What is IT Event Correlation?

Por: opservices em 08.10.2013

Event correlation is a technology used for the treatment and correlation of events, seemingly unconnected, in order to identify the root cause of a problem in a computational environment.

In complex IT environments, but especially in networked environments, thousands or even millions of events are generated in a short time, from informational events to critical events. If these events are submitted to a management platform, it is critical to be provide the appropriate treatment to the same in order to expedite the identification of a problem that is currently in place.

 

IT Event Correlation

 
To achieve the effective performance of a telecommunications network, it is essential that all its resources are properly managed and that there is integration between the functional areas, namely fault, performance, configuration, security, and accounting and the different levels of management, in this sense, network element management, network management, service management and business management.

It is critical to isolate the root cause of a failure in this type of technology. When a failure occurs in a network central node, hundreds of events related to the equipment connected to this node are generated, causing a “storm event” (storm event), making it difficult for network operators to identify whether the root cause of failure is related to the central node and not the equipment connected directly or indirectly to the same. A good analyst can support networks, by means of his knowledge of the topology and technology, hence, identifying the root cause of the failure. However, this knowledge, in a general sense, is difficult and costly to obtain.
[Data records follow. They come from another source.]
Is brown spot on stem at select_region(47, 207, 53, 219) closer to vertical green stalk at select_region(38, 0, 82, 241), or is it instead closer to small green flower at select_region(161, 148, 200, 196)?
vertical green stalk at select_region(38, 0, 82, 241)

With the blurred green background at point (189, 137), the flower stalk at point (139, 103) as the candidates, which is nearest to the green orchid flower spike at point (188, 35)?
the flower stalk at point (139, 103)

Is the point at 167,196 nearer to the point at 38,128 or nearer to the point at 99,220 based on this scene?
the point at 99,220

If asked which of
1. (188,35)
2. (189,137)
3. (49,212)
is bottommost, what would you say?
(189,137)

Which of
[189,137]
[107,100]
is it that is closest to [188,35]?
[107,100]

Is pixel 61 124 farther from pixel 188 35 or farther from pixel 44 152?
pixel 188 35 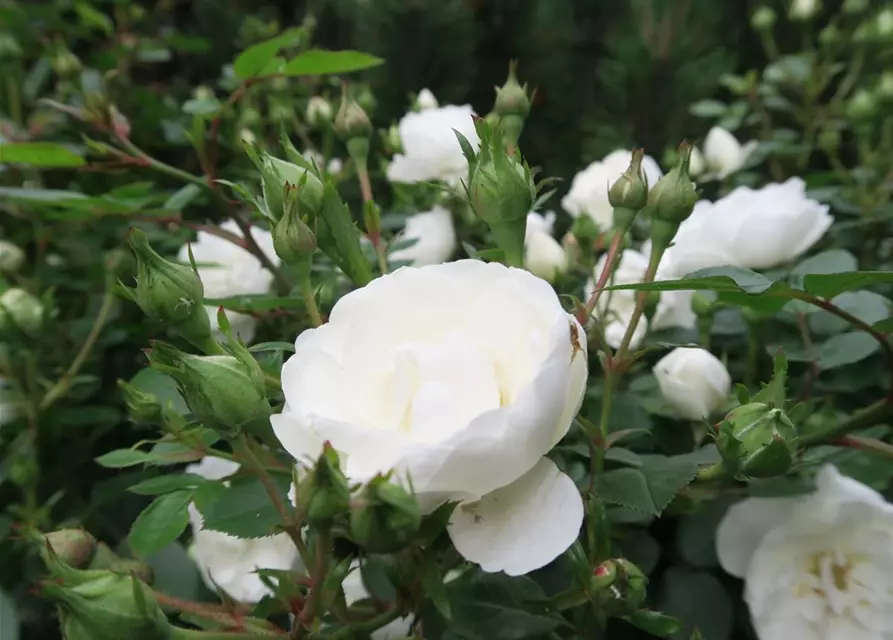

The event correlation technology envisages the “transference” of this knowledge, often dispersed in organizations, to an automated and registered interrelations platform between the ongoing events.

 

10 reasons to invest in event correlation technology

01. Determine real-time which are the root cause of failures/operational problems, which may reflect in the company’s business;

02. Identify and parameterize the impact of failures, including the business services;

03. Technology enables companies to take a proactive rather than reactive attitude;

04. It is possible to distinguish the most common alerts from those which may actually have some significant impact on the businesses;

05. Enables the creation of graphical rules in a drag-and-drop interface (achieved from the English terminology drag and drop) to the events and the conditions for the generation of alarms;

06. Reduction of the operational costs: automate the creation and execution of workflows generating a large reduction in relevant alerts, which, economically, enables the management of the IT environment processes;

07. The event correlation technology envisages the “transference” of this knowledge, often dispersed in organizations, to an automated and registered interrelations platform between the ongoing events;

08. Enables the integration of the management impact on services and the automatic processing of events in order to build a service model that maps IT components in business services;

09. Events are processed and correlated in memory and only after will be stored, rather than just read from a database;

10. Manages dynamic infrastructure businesses of any size and enables the detection, isolation and renders proactive responses to IT infrastructure problems before they affect customers and enterprise services.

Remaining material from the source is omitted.